HESI LPN
Pediatric HESI 2023
1. A healthcare provider is assessing a 3-month-old infant with suspected pyloric stenosis. What clinical manifestation is the healthcare provider likely to observe?
- A. Projectile vomiting
- B. Diarrhea
- C. Constipation
- D. Abdominal distension
Correct answer: A
Rationale: Projectile vomiting is a classic clinical manifestation of pyloric stenosis in infants. This occurs due to the narrowing of the pyloric sphincter, leading to the forceful expulsion of gastric contents in a projectile manner. Diarrhea (choice B) is not typically associated with pyloric stenosis. Constipation (choice C) is also not a common symptom of this condition. Abdominal distension (choice D) may occur in pyloric stenosis but is not as specific or characteristic as projectile vomiting in diagnosing this condition.
2. While assessing a child admitted for an asthma attack, a nurse in the emergency department observes large welts and scars on the child's back. What additional information must be included in the nurse’s assessment?
- A. History of an injury
- B. Signs of child abuse
- C. Presence of food allergies
- D. Recent recovery from chickenpox
Correct answer: B
Rationale: The correct answer is B: Signs of child abuse. When a nurse observes large welts and scars on a child, it raises concern for possible child abuse. It is crucial for the nurse to assess further for signs of abuse, document findings, and report appropriately to protect the child. Choice A, history of an injury, is not specific to potential abuse and may not provide insight into the current situation. Choice C, presence of food allergies, is not directly related to the observed welts and scars. Choice D, recent recovery from chickenpox, is also unrelated to the signs of abuse and does not impact the immediate assessment of the child's safety.
3. A 6-month-old infant is admitted with a diagnosis of respiratory syncytial virus (RSV). What should the nurse include in the care plan?
- A. Providing small, frequent feedings
- B. Administering antibiotics
- C. Maintaining strict isolation
- D. Elevating the head of the bed
Correct answer: D
Rationale: Elevating the head of the bed is essential in the care of an infant with RSV as it helps improve breathing by reducing congestion and promoting drainage. This position also aids in maintaining patent airways and can enhance comfort for the infant. Providing small, frequent feedings (Choice A) is generally appropriate for infants but is not a specific intervention for RSV. Administering antibiotics (Choice B) is not indicated for RSV, as it is a viral infection and antibiotics are ineffective against viruses. Maintaining strict isolation (Choice C) is important to prevent the spread of infections, but it is not a direct care intervention for managing RSV symptoms.
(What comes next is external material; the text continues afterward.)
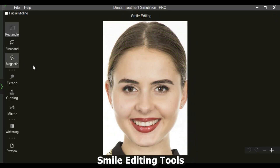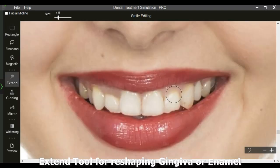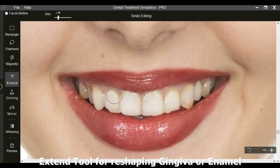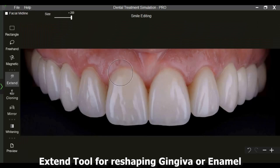Let us see the function of the smile editing screen, which has selection and editing tools along with the whitening tool. The extend tool can be used to reshape or extend the gingiva. With just a few strokes of the extend tool, we can create an instant preview for the patient to easily visualize the planned treatment.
4. The instructor is educating a group of students about myelination in a child. Which statement by the students indicates that the teaching was successful?
- A. Myelination continues into adolescence.
- B. The process occurs in a head-to-toe fashion.
- C. Myelination speeds up nerve impulses.
- D. Myelination increases the specificity and efficiency of nerve impulses.
Correct answer: B
Rationale: The correct answer is B. Myelination occurs in a cephalocaudal (head-to-toe) pattern, improving nerve function progressively. Choice A is incorrect because myelination continues beyond 4 years of age and into adolescence. Choice C is incorrect as myelination speeds up nerve impulses rather than slowing them down. Choice D is incorrect because myelination increases the specificity and efficiency of nerve impulses, making them more focused and precise.
5. When a parent tells a nurse at the clinic, 'Each morning I offer my 24-month-old child juice, and all I hear is ‘No.’ What should I do because I know my child needs fluid?' What strategy should the nurse suggest?
- A. Offer the child a choice of two juices.
- B. Distract the child with a favorite food.
- C. Offer the child the glass in a firm manner.
- D. Allow the child to see the parent getting angry.
Correct answer: A
Rationale: The nurse should suggest offering the child a choice of two juices. Giving the child a choice between two options empowers them to make a decision, fostering a sense of control, and increasing the likelihood of cooperation. This approach respects the child's autonomy while addressing the parent's concern about the child's fluid intake. Choices B, C, and D are incorrect because distracting the child, offering the glass in a firm manner, or displaying anger are not effective strategies for encouraging a 24-month-old child to drink juice.